━━━━━ Supplied material ━━━━━

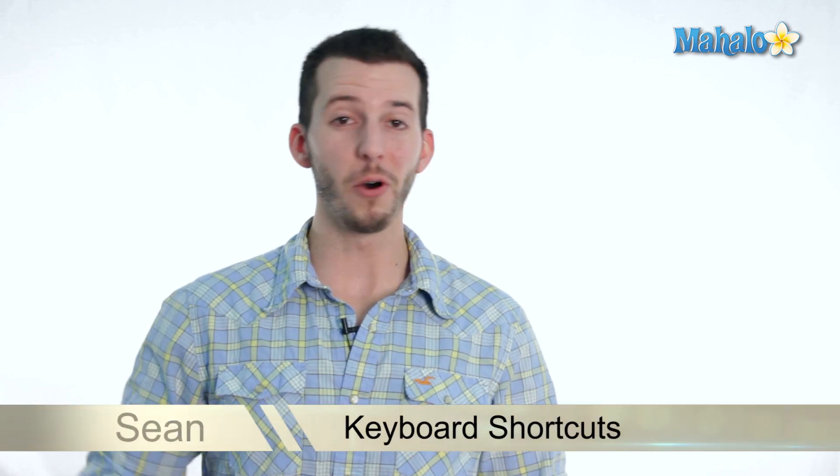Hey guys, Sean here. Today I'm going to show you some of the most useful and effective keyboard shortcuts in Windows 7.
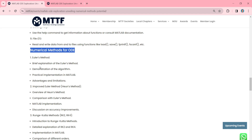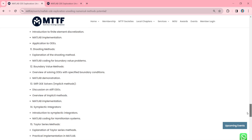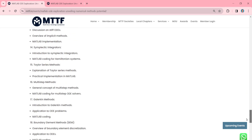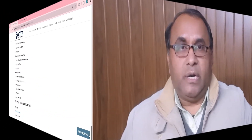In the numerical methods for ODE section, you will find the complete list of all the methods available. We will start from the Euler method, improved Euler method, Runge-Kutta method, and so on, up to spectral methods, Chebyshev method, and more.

━━━━━
━━━━━ Supplied material ━━━━━

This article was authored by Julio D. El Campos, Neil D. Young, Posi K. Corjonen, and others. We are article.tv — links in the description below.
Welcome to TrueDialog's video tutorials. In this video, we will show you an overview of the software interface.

━━━━━

* [What is expected]: Output exactly one stretch of the listing: from the line containing "This article was" through the line containing "Welcome to TrueDialog's", both end lines included.

* [Final answer]:
This article was authored by Julio D. El Campos, Neil D. Young, Posi K. Corjonen, and others. We are article.tv — links in the description below.
Welcome to TrueDialog's video tutorials. In this video, we will show you an overview of the software interface.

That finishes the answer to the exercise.